Seeing them in Chicago, after all those years, where they were somewhat strangers in a strange land, was interesting. Reintroducing yourself back to an audience from which you’ve been away for a long time can be met with both excitement, but also disappointment if a band does not stand up to the memory. With a smaller crowd than they would typically have in the U.K. and Europe, who came out decked in more Genesis shirts than MATM wear, would the show live up to my memories of a small, but dedicated audience? This audience was clearly experienced with the music, though this lineup was new to them. As one would hope and expect, the performance was top notch, as though Mike and The Mechanics hadn’t missed a beat through changes and over time! I did realize though that the audience was subdued compared to what you would see from a home audience on a YouTube video. Even the recent U.S. shows in New Jersey and New York, which I also attended, had that same feel as Chicago. What would it be like seeing them in Copenhagen where the fan base has been sustained over the years?

Photo © 8By10ByScott

With Mike Rutherford back at the helm of his “side project” and with welcome additions to the lineup, they don’t need a “miracle” to reclaim the excitement of their music and performances, just a legion of loyal fans willing to spread the Word of Mouth!

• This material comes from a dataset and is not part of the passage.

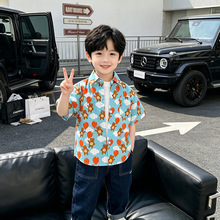 2026夏季韩版度假印花衬衫男童海边短袖印花港风衬衣宝宝ins上衣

An interesting fact about Amager Bio is that it was never built as a concert hall. Originally it was the community movie theater. The venue has since been stripped of seats, screen, and original soundproofing. The walls are now corrugated sheet metal. You can feel them vibrate and resonate with every beat of the bass drum, cymbal crash and power chord. Not the best scenario to hear music that has highs, lows and points where it just needs to breathe in between, but surprisingly once the room was filled, the music enveloped the audience, benefactors of the good vibrations emanating from the stage.

Amager Bio was packed before Ben McKelvey took the stage. He quickly proved worthy of the audience’s attention. Any musician who can draw in an audience with just a voice and guitar deserves the praise he receives. Let’s hope the Mechanics find Ben available to open on next year’s U.S. tour.

While the setlist (see below) was pretty much intact from recent shows, with the exception of Don’t Know What Came Over Me, let’s focus on the performance and not the choice in material. With the size and quality of the band’s catalog, sans any Genesis or solo material, no one will ever hear all they want, but should never walk away unsatisfied with the song selection. There is plenty sprinkled throughout the set for old and new fans to appreciate a Mike and The Mechanics performance.

Photo © 8By10ByScott

As the lights went down the audience’s excitement and the band’s energy was palpable as they launched into Are You Ready, immediately setting the tone for what was to be a superb performance! Tim Howar quickly proved he had earned his introduction as “The Power”. As a set opener, this song proves its worth and should be cemented in the set for tours to come. Andrew Roachford then takes over for three MATM classics – Another Cup of Coffee, Get Up (on which he duets with Tim) and Silent Running. These two superbly talented singers easily step up, putting their own signature on songs performed by the original lineup.

There will always be discussions contrasting previous and current lead singers in the Mechanics, so it’s important to keep the perspective that Mike didn’t set out to hire carbon copies of the irreplaceable Paul Young and Paul Carrack. He found voices that could respectfully portray the original versions while at the same time bringing their own unique qualities to make them their own. Both Andrew and Tim are worthy and have accomplished this goal while having the talent to raise the bar for new Mechanics songs.

You could hear a pin drop as Andrew led the band into Save The World. His voice filled the space of the room perfectly and my concern over the vibrating walls was unwarranted.

Photo © 8By10ByScott

With the first third of the set delivered brilliantly, launching into The Best Is Yet To Come took the performance to a whole new level, further energizing the enthusiastic audience.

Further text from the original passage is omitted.